The commerce and industry ministry on Saturday said the country is “on track” to draw foreign direct investment (FDI) of as much as $100 billion in FY23, on the back of economic reforms and greater ease of doing business. This will mark a near 20% increase over the record inflows of $83.6 billion in the last fiscal.
Issuing a statement on the completion of the eight years of the Make in India initiative, the commerce and industry ministry said the FDI inflows almost doubled since FY15. The FDI has flowed in from 101 countries and into 57 sectors. As many as 31 states and Union territories were the beneficiaries.
A liberal and transparent policy regime, under which most sectors were kept open to FDI under the automatic route, helped attract such investments, the ministry said. Various guidelines and regulations, too, were eased to reduce compliance burden of companies, bring down their costs and further boost ease of doing business, it added.
However, FDI inflows dropped 6% to $16.6 billion in the first quarter of this fiscal from a year before, due to an unfavourable base and amid an economic slowdown in key advanced economies.
Elevated foreign investments partly made up for the near-absence of domestic private capex in recent years. However, as analysts have said, the current external headwinds — including the recession in the US and the EU, fresh Covid outbreak in China and the Ukraine war — will weigh on the flows of foreign direct investment globally. So, only those economies that can weather the external storm better than most stand to gain. India, with a decent economic expansion, can capitalise on this adversity if it puts in place the right policies.
The ministry said several initiatives have been initiated to boost the Make in India programme.
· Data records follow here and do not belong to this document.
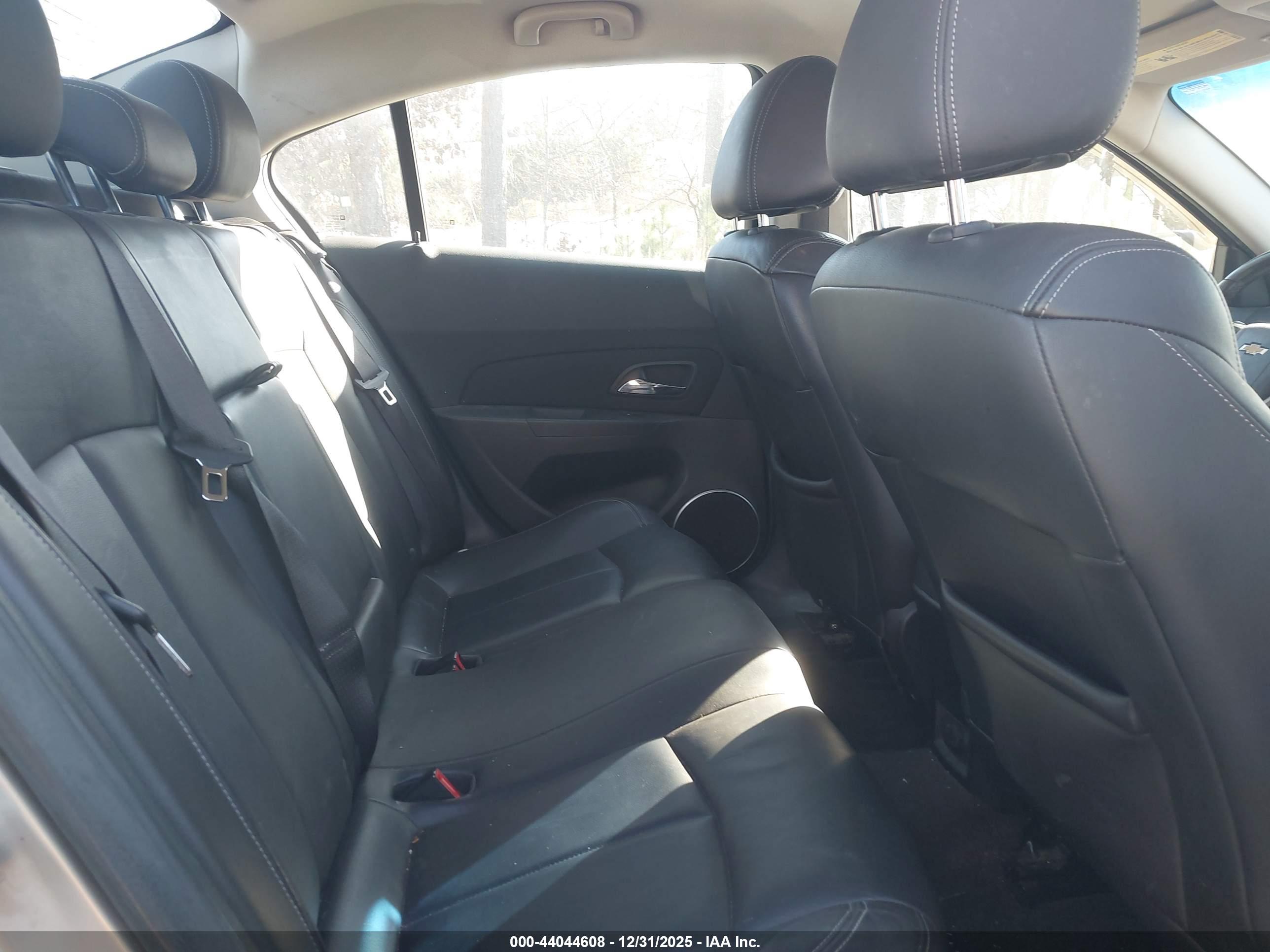 CHEVROLET CRUZE image 8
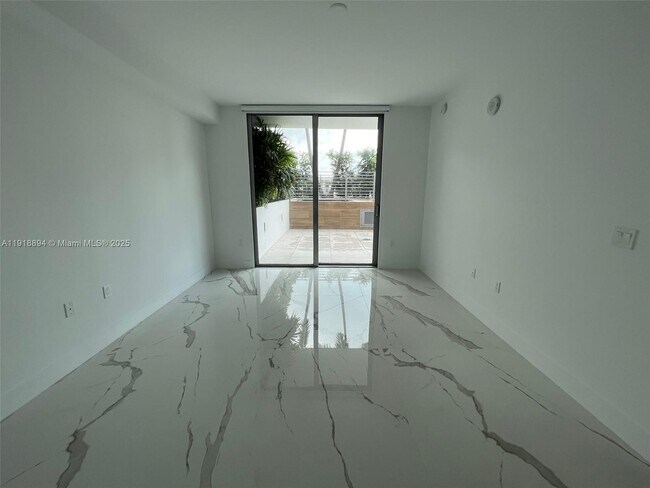 Building Photo - 300 Sunny Isles Blvd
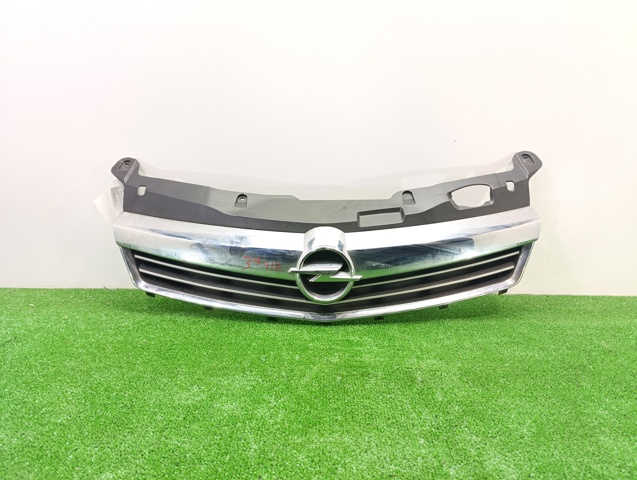 Atrapa chłodnicy 13225775 OPEL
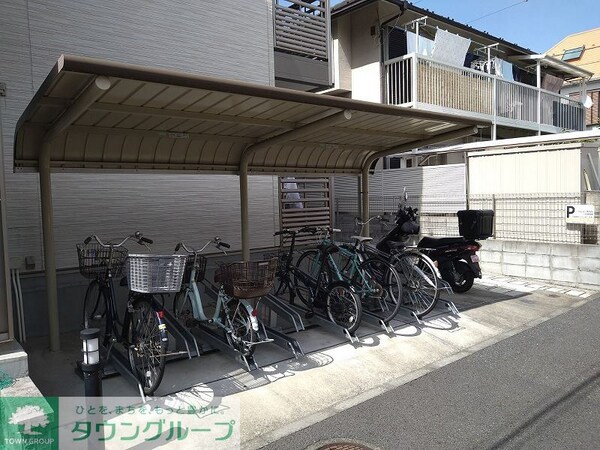 設備(自転車置場　自転車のみ駐輪可)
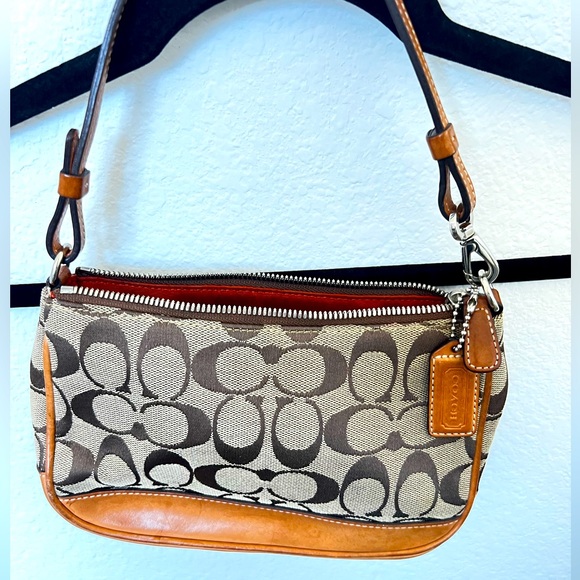 Authentic Coach Signature Pouchette - Picture 1 of 4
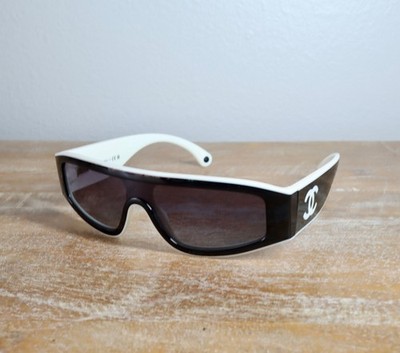 CHANEL 6057 Urban Vintage Shield Sunglasses Black & White/Gray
Most important of these have been the 14 production incentive schemes across sectors, ranging from electronics, telecom and auto to pharma, textiles and steel.
Moreover, thanks to its crackdown on the imports of low-grade and hazardous toys and its efforts to boost domestic manufacturing, the purchases of toys from overseas crashed 70% in FY22 from a year before to $110 million. Meanwhile, toy exports jumped 61% to $326 million last fiscal, the ministry said.